Is this the thickness of the metal the 3/8" hole goes through? If not, what is that metal thickness?

Good luck,
Latexman
 
Yes, it is. It is basically a round slug containing the 3/8" hole which is welded into the end of a vessel. The slug is between 2 and 3 inches in diameter and 1.5 to 2 inches thick.
 
No, it projects beyond the crown of the vessel head. It is located in the center of the vessel head. If you are thinking Borda, notice how much bigger the slug diameter is than the hole diameter. Seems more like a flush inlet to me (if this is the way you are headed).

Bob
 
Using 1.75", t/d = 4.67, which is quite large. I don't have my references at hand, but I believe the proper way to handle this is treat it as pipe with an inlet and possibly an outlet loss, not as an orifice. Omit the outlet loss and if it's sonic at the exit, you're good. If it's subsonic, add the exit loss in.

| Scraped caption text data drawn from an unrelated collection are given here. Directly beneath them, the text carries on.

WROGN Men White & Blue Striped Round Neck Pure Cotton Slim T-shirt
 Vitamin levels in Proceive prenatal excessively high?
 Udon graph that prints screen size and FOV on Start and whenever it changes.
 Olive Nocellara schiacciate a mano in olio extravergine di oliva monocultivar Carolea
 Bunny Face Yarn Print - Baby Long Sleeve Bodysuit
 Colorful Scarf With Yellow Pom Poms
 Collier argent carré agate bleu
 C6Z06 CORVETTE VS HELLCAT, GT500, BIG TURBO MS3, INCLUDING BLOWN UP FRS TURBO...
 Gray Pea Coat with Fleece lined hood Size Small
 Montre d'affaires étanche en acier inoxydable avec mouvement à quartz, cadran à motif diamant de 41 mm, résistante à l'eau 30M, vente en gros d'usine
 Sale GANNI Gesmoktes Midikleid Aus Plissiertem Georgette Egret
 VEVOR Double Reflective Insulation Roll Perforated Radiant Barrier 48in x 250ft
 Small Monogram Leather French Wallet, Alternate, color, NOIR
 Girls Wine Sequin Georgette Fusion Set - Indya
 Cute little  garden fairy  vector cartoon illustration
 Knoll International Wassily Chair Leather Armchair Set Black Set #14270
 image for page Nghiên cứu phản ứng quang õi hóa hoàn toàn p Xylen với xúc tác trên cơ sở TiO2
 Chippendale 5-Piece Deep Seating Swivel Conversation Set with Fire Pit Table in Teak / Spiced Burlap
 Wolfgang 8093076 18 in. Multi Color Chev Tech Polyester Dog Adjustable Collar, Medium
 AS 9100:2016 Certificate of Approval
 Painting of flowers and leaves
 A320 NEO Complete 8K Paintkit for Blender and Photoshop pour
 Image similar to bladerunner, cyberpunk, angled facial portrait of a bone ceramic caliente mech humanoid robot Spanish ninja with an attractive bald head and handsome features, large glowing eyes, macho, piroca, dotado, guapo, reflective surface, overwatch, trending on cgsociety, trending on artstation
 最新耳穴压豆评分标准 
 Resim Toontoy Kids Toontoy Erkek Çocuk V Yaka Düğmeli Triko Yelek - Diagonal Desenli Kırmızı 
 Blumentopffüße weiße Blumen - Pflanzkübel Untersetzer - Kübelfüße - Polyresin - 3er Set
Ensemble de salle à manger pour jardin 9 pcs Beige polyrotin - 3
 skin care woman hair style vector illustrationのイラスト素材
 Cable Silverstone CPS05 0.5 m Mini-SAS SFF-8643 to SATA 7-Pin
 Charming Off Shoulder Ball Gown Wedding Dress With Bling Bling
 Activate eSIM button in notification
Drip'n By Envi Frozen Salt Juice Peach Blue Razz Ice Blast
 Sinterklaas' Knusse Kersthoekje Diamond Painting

So, you were leaning the right way!

Good luck,
Latexman
 
More complicated than that. It's like this...
This vessel I have described is in another larger vessel. Both are initially under vacuum. We need to repressurize both vessels so that the vessel I am asking about is not crushed in the process. It is a very thin wall vessel and cannot take a large pressure differential outside to inside during hte backfill process.
 
For high pressure water and high pressure drop (1500 psia and 1430 psi) I have designed these type of restriction orifices for minimum flow pump recirculation lines, safety injection lines in nuclear power plants, etc. considering an entrance and an exit for the ends and as a tube of a heat exchanger for the straight part and in the tests they run with an error less than 1% that the design values.